UNION, N.J.: A stroll through Central Park can inspire anyone. For playwright Keith Josef Adkins, it sparked thoughts about what was there before the trees and gardens.
Seneca Village was there, for one. This predominantly black and immigrant neighborhood, Adkins discovered in his research, was razed to make room for the New York City park in 1857. In The People Before the Park, running Sept. 3–20 at Premiere Stages, Adkins tells the story.
“I’m always carrying around that radar,” Adkins said of the play’s origin. “I am looking for the marginalized stories that no one has heard about.”
When Epic Theatre Ensemble in New York approached him to write a new play on anything he wanted, he drew on his Seneca Village research to write a short piece that would serve as a prompt for high school audiences. Students would hear his 60-minute play about Seneca Village, then write their own five-minute scenes based on what they had learned.
Adkins knew he wanted to “blow up the play” into a full-length work, so he dived deeper into research, from the New York Historical Society to Google Books.

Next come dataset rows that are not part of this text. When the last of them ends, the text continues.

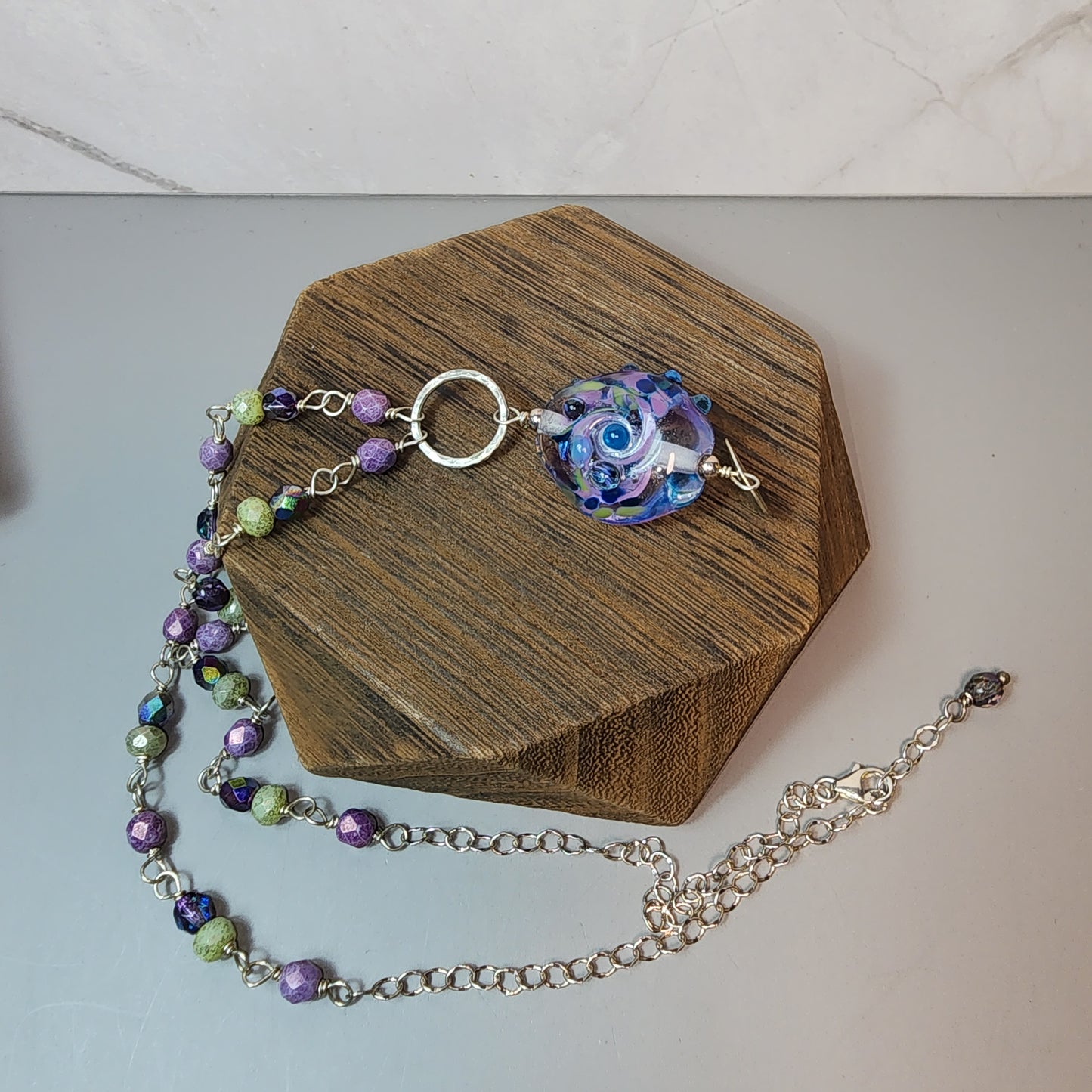 Blueberry Swirl Lampwork Pendant and Czech Glass Necklace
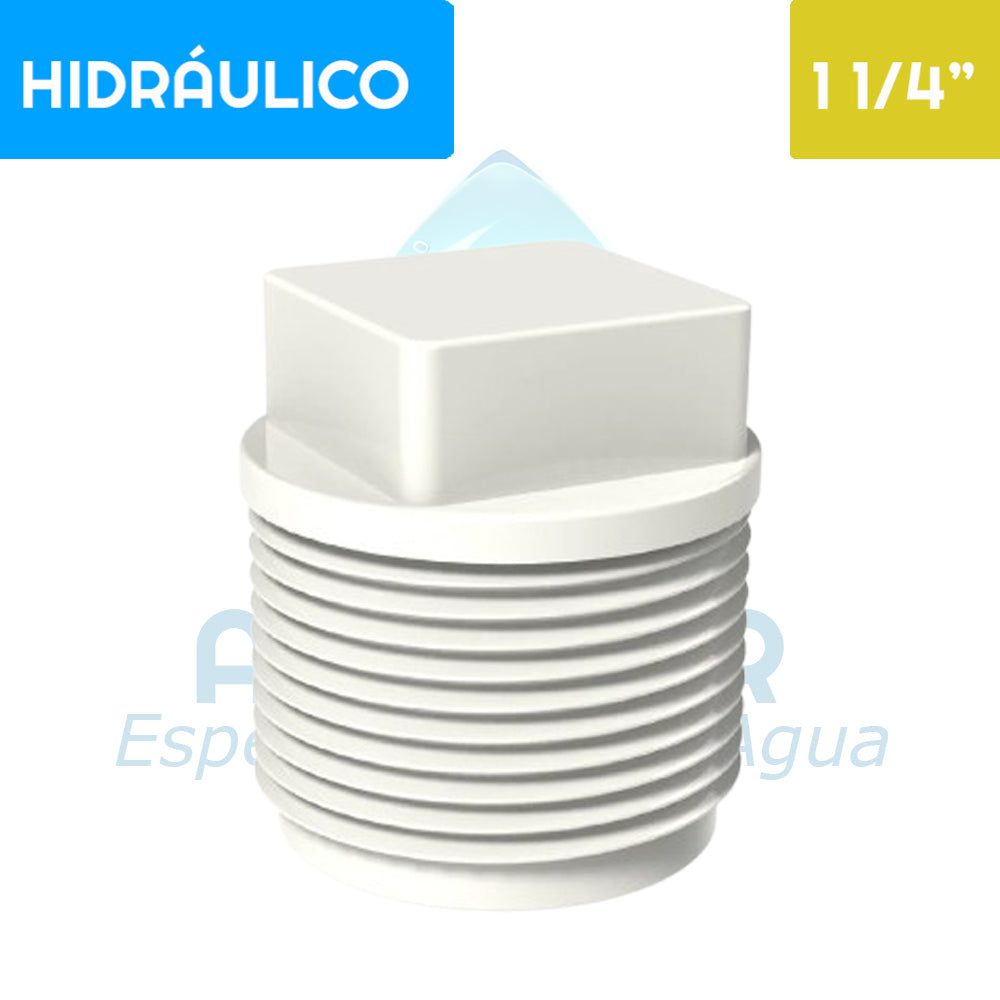 Tapa tornillo HE PVC Hidráulico 1 1/4" Aguafer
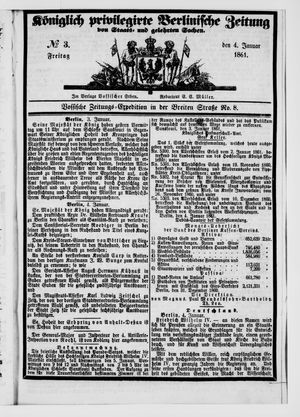 Königlich privilegirte Berlinische Zeitung von Staats- und gelehrten Sachen vom 04.01.1861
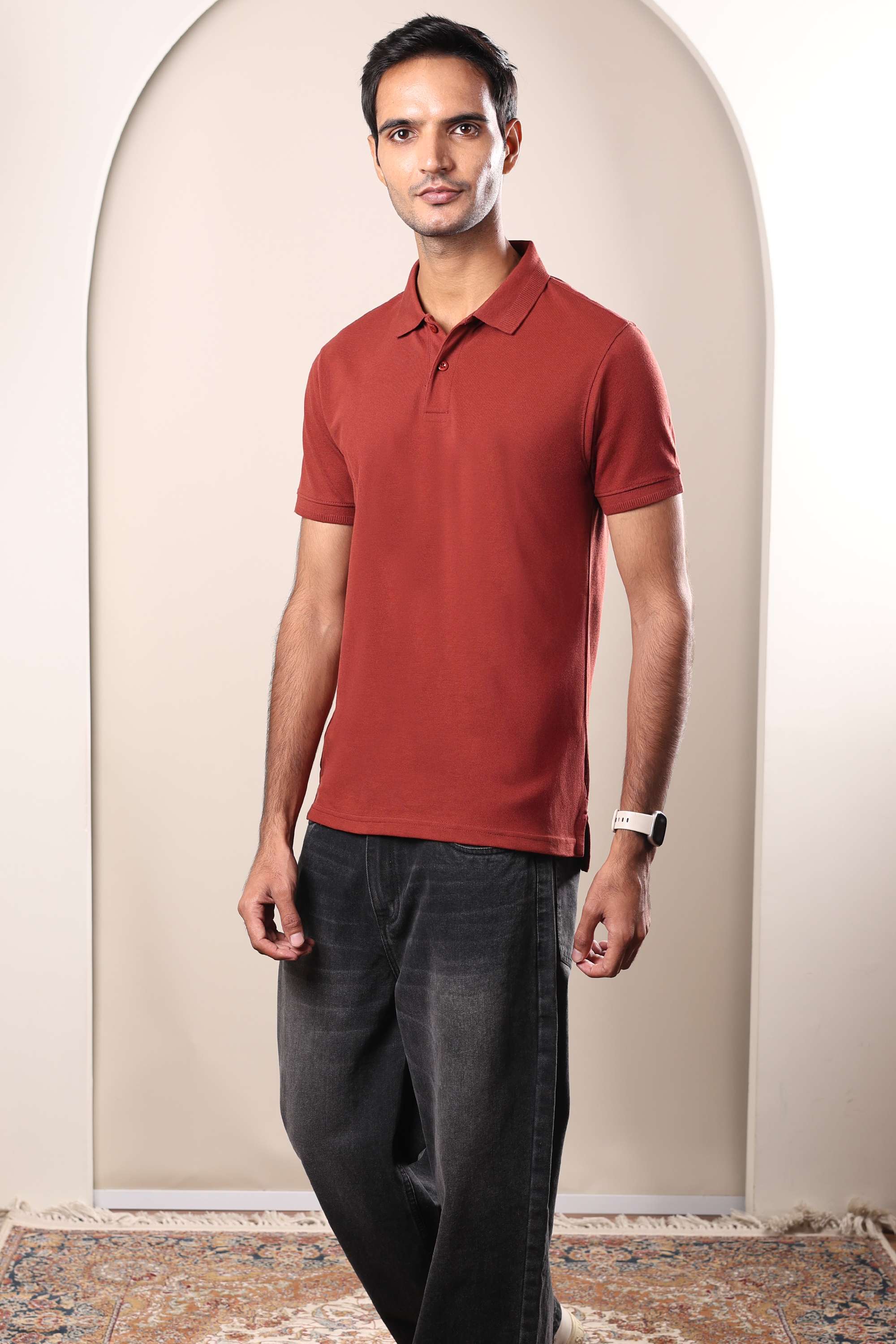 Solid-Cotton-Blend-Polo-Men-s-T-Shirt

He found resonance between the debates then and current concerns about gentrification.
“We often move through the city so fast that it is easy to lose history and people, and forget that they were there,” Adkins said. “This is history that belongs to the city.”
The play, this year’s winner in Premiere Stages’ annual play festival, follows a father and son forced out of the neighborhood to make way for the park. It’s based on actual history, including some real people, such as Andrew Williams, who, Adkins said, had an especially “New York audacity” in his unrelenting resilience against being moved from his home.
“It’s important that I balance historical information with character authenticity,” Adkins noted, “so that it’s not bloated with history.”
His own roots go deep. He grew up in Ohio and can trace his ancestors in Appalachia back to the late 1700s. A family heritage of activism might have given Adkins his ear for the voice of the marginal: He recounted that a family member desegregated a community pool by pushing a younger cousin in.
“I was always surrounded by social justice, even without knowing I was a part of it.”